Donald Trump’s hopes of decimating predecessor Barack Obama’s signature Affordable Care Act were seemingly dashed after two Republican senators defected from the party line Monday.

The joint announcement made by Mike Lee of Utah and Jerry Moran of Kansas places conservatives two votes under the threshold needed to begin debate on a proposed repeal and replacement of Obamacare.

Senate Majority Leader Mitch McConnell took the announcement in stride, conceding in a statement Monday night that a healthcare overhaul isn’t likely to happen any time in the near future.

“The effort to repeal and immediately replace the failure of Obamacare will not be successful,” lamented McConnell.

President Trump didn’t seem to share the Senate Majority Leader’s cynicism, taking to Twitter to post a series of bizarre statements.

“Republicans should just REPEAL failing ObamaCare now & work on a new Republican Plan that will start from a clean slate. Dems will join in!” wrote the president over social media, without explaining why or how liberals might be goaded into dragging down the Affordable Care Act.

For his part, Senator Moran said the Republican proposal “fails to repeal the Affordable Care Act or address health care’s rising costs.”
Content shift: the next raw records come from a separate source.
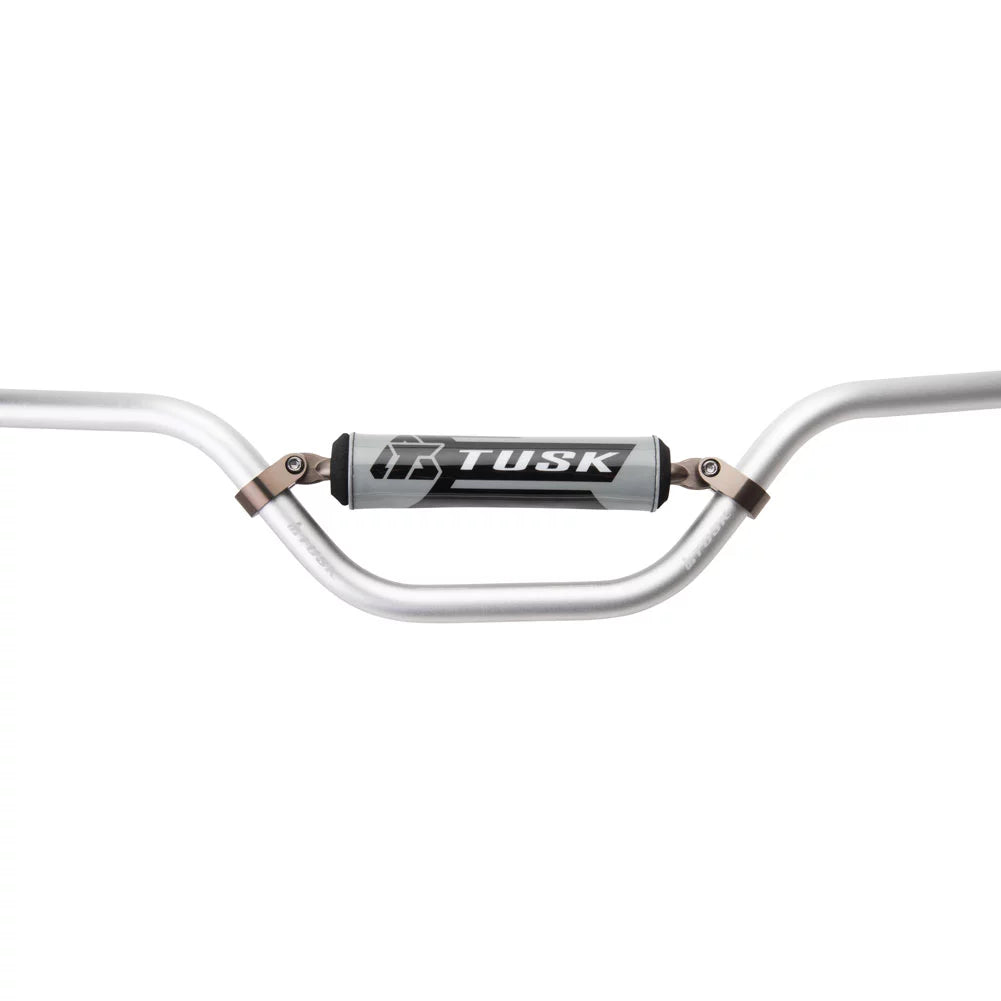 Tusk T-10 Aluminum 7/8" Handlebar SizeX Mini Bend Sizeilver For LEM LX4 2000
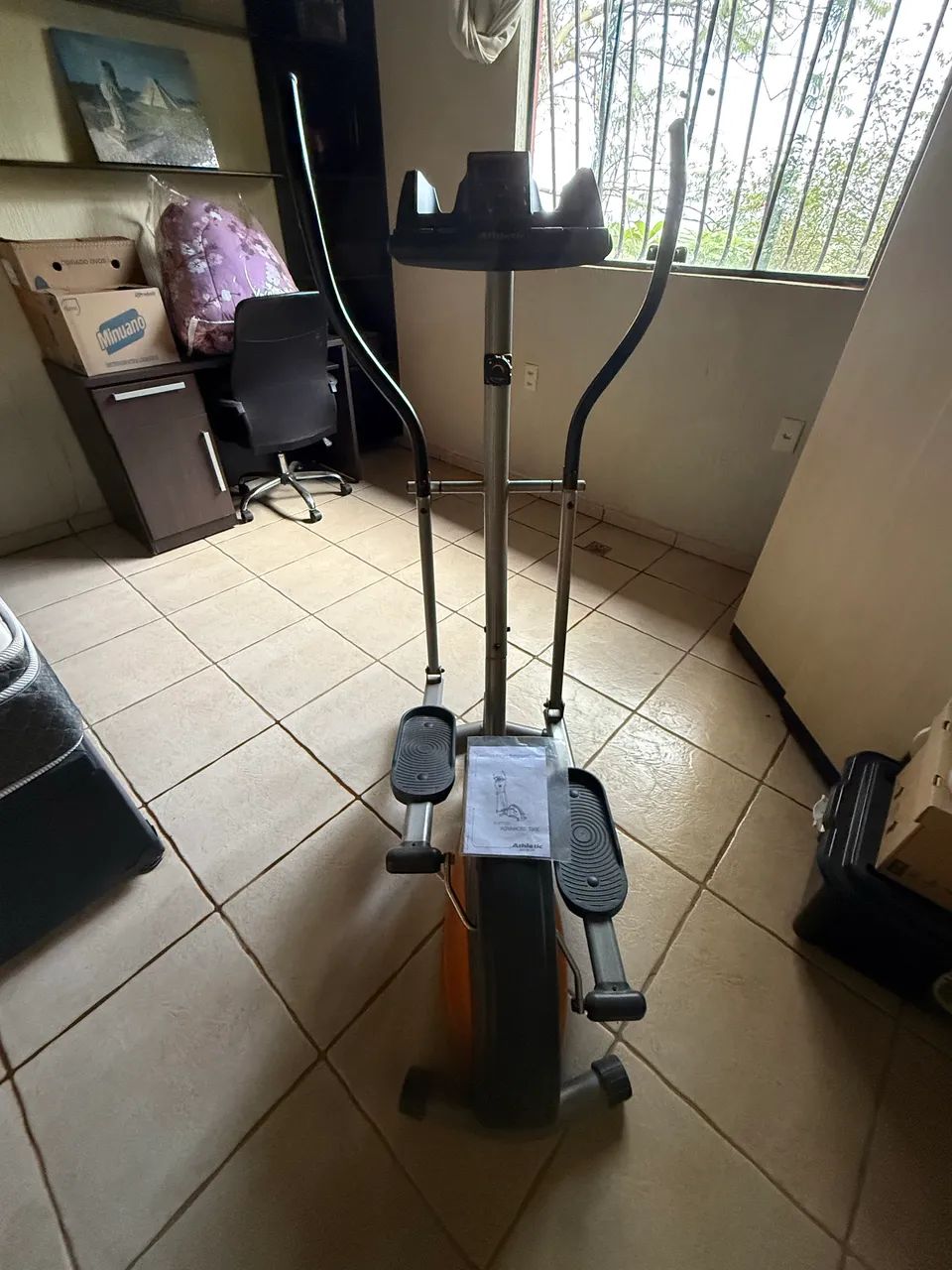 Elíptico  Atlhetic seminovo  , acompanha Manual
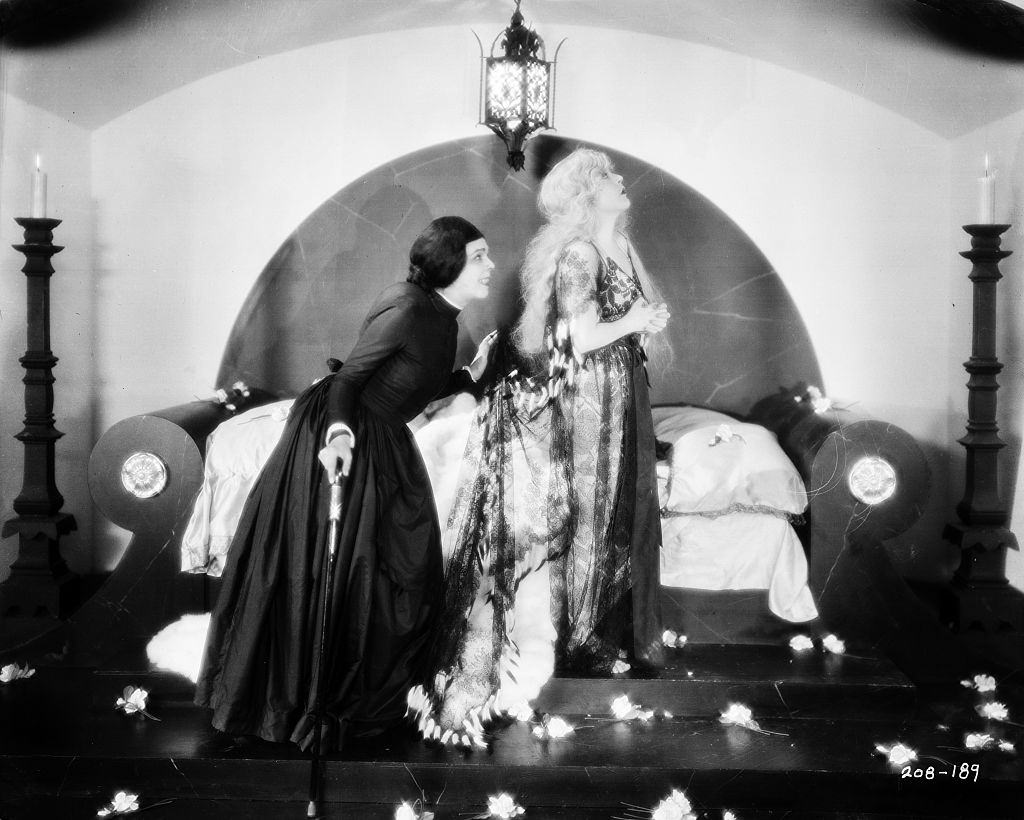 #32 Mae Murray in a scene from the movie ‘The Merry Widow’, 1925.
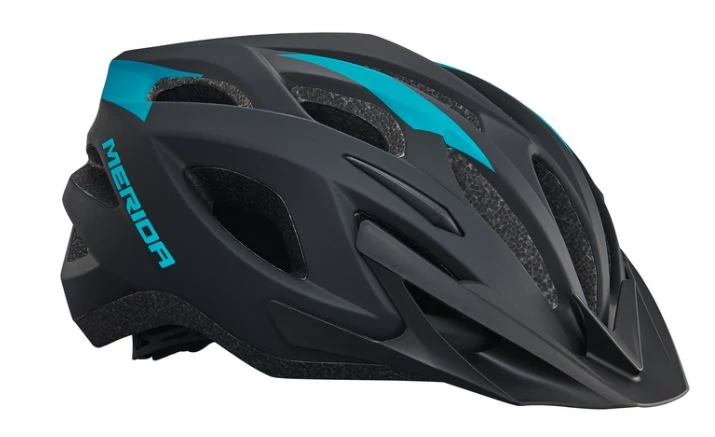 Merida Charger bukósisak, L-es méret (58-63 cm), matt fekete-kék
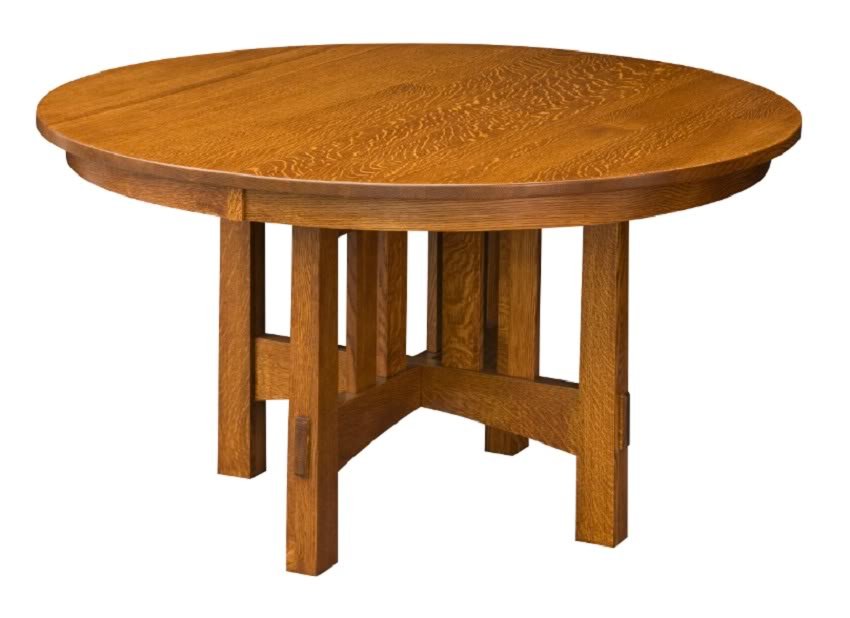 amish round kitchen table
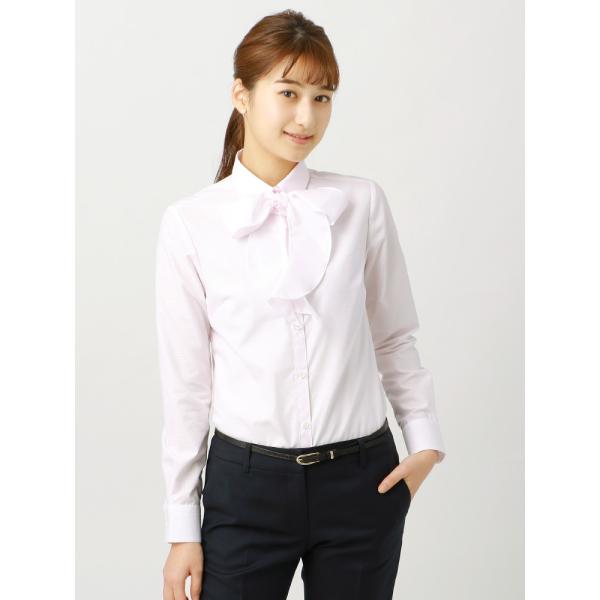 シャツ ブラウス レディース Easy Care Blouse リボン付きレギュラー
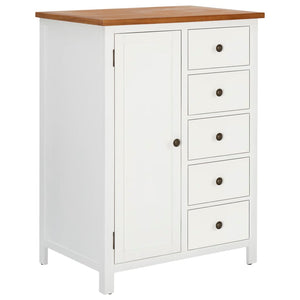 NNEVL Wardrobe 76x52x105 cm Solid Oak Wood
Lee’s statement was similar, reading, “In addition to not repealing all of the Obamacare taxes, it doesn’t go far enough in lowering premiums for middle-class families; nor does it create enough free space from the most costly Obamacare regulations.”

The New York Times observed that the double-defection ensured that no single Republican senator would be responsible for eradicating the party’s opportunity to repeal Obamacare.

Several other senators had been vocal opponents of the repeal-and-replace effort, including Rand Paul of Kentucky and Susan Collins of Maine.

Conservatives had hoped that the passage of a House repeal and replacement of Obamacare would set the Senate up for a Republican victory.

Unfortunately, as mentioned by the New York Times, the gulf between moderate Republicans and those further to the right was too wide to ford.

While politicians like Rand felt that the Senate’s proposal didn’t go far enough in pulling the carpet out from under Obamacare’s figurative feet, others, like Collins and Lee, were worried about the impact such legislation could have on their constituents.

Collins in particular had been worried about the ramifications of the bill, as spelled out by the Congressional Budget Office – she joined the “no” camp over Twitter, saying the Senate’s efforts at Obamacare reform wouldn’t do away with the problems rural Mainers face.

Despite the opposition from Democrats and a handful of Republicans, Trump remained defiant at a White House press conference.

“It’ll be a lot easier,” Trump said, referring to future efforts to appeal Obamacare. “We’re not going to own it. I’m not going to own it. I can tell you the Republicans are not going to own it. We’ll let Obamacare fail, and then the Democrats are going to come to us.”